I manage a supported housing project for people with mental health problems, and I have found a number of useful insights in the Human Givens approach.
Most compelling, I believe, is the excellent work the authors have done on studying the role of sleep in our emotional lives, particularly the vicious circle of excessive rumination, exhausting amounts of REM sleep, lack of energy and motivation, and so on.
The authors' undogmatic approach is welcome - taking whatever appears to be most effective from various therapies. This is not new, however. For example, Arnold Lazarus has for many years done similar work with his 'Multimodal' model of therapy (Stephen Palmer has written about this approach in the UK).
The book is also refreshingly unafraid to point out the failings of much theory and practice of therapies that simply encourage rumination on the past, to the exclusion of finding practical ways to feel better in the present. Many authors have, I feel, trodden too carefully around this area, being almost apologetic in pointing out the harm that such approaches can do. Griffin & Tyrrell should be applauded for their honesty here. Those who would dogmatically reject this book because it criticises such approaches might ask themselves whether they are more interested in being right than in doing what works for their clients.
I think there are, however, a couple of areas where the book lets itself down. Firstly, the references, though they exist, are not thorough or detailed enough for my liking. Often they simply refer to a book, without any further detail of the evidence it is supposed to contain.
Also, the tone of the book is that the Human Givens approach is revolutionary, and that it is uniquely in tune with 'human nature'. Here, one gets suspicious that the authors have been encouraged to present their (valuable) insights as a dramatic new way of doing therapy, simply in order, perhaps, to make people take notice.
Their main points are presented as revolutionary, but as I see it are for the most part uncontroversial and well understood. As others here have pointed out, the three main points are (paraphrasing):
1. The brain is a pattern-matching machine.
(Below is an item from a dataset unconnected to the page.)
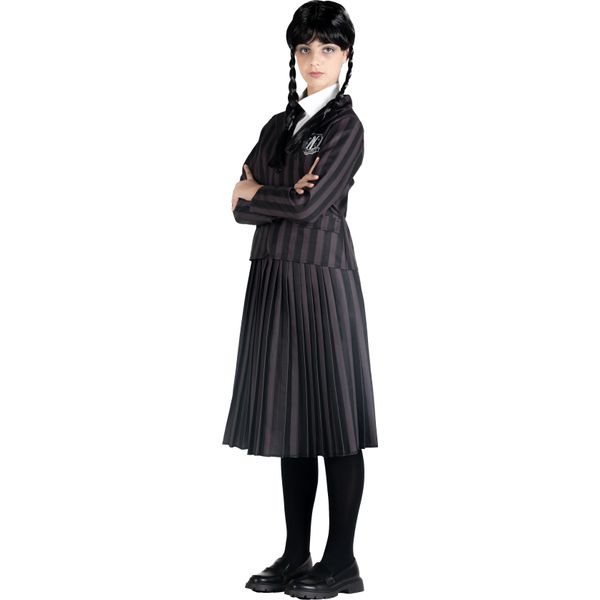 Mercoledì Addams Nevermore Academy Costume Uniforme Scuola Costume Carnevale Ragazza Ufficiale Mercoledì (Taglia 8-10 Anni) Con Parrucca-image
2. Emotion comes before thought.
3. The more emotional we are, the more difficult it is to think reasonably.
Points 1 and 3 are self-evident as far as I can see. Useful to bear in mind, but hardly revolutionary.
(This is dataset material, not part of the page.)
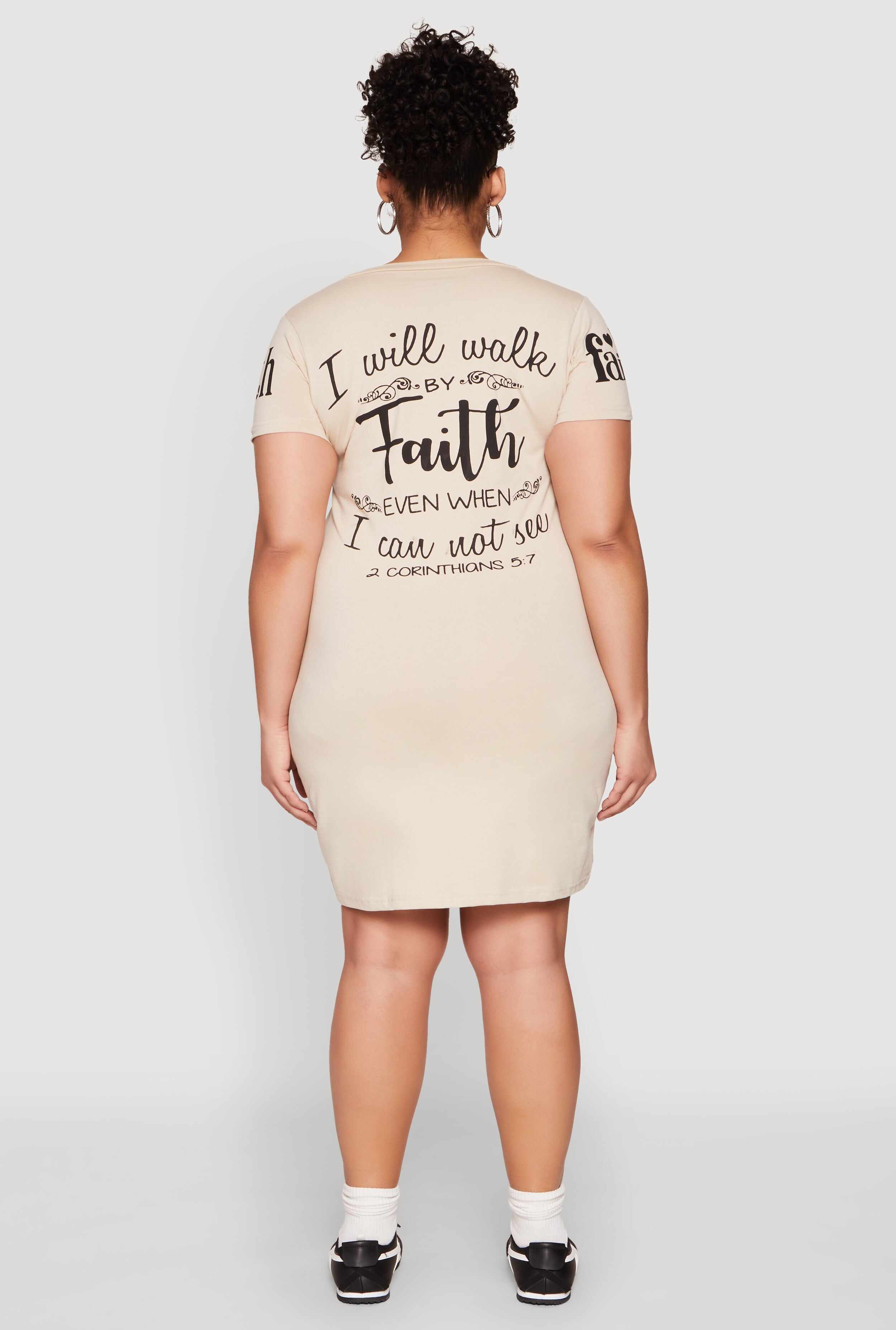 Plus Size Sequin Walk By Faith Graphic Dress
But my main issue is with point 2, and what I regard as the authors' misrepresentation of Cognitive Behaviour Therapy (CBT). Their contention is that CBT says thought comes before emotion, and that that is wrong. They take CBT's ABC model of emotional disturbance (Activating event, Belief, Consequent emotion) and replace it with their APET model (Activating event, Perception, Emotion, Thought).
But it seems that these two models are saying essentially the same thing. The 'Perception' part of the APET model is what CBT calls an 'automatic thought' - completely out of our conscious control. The authors here have assumed that in CBT terms a thought must be 'conscious'. But CBT doesn't do that at all. CBT's main point is to discover what our 'automatic' thoughts are, examine them for their truth, logic or helpfulness, and repeatedly rehearse more helpful thoughts until THOSE thoughts become automatic. It is revealing that the authors don't even mention the CBT concept of 'automatic thoughts' - a glaring omission that suggests they may have been equally unscholarly elsewhere.
The authors describe the Perception part of the APET model(p194): "Information... taken in through the senses is first pattern-matched by the mind to innate knowledge and past learnings... which in turn gives rise to an emotion, E." A more perfect description of 'automatic thoughts' you could not wish for. Sensory information filtered through "past learnings" - or in CBT terms: "underlying/ core beliefs". The difference between the APET model and the ABC model is purely semantic as far as I can see.
Where I do have some sympathy with the authors on this point is that CBT often doesn't make clear enough the distinction between automatic and conscious thinking. In my own work I call the distinction "automatic versus deliberate thoughts". Griffin and Tyrrell get round the potential confusion of talking about two types of "thoughts" by calling one of them a Perception. This may indeed be an easier way for some clients to understand the model. But I think in future editions the authors should acknowledge that this model's contribution is a useful semantic one, otherwise clients who come across CBT may get stuck in unnecessary chicken-and-egg confusion about what came first, the thought or the emotion?
In all, I'd highly recommend the book, mostly for its insights into the crucial role of sleep in our emotions, and its ability to cut through a great deal of psychobabble and talk about what actually works to help people feel better.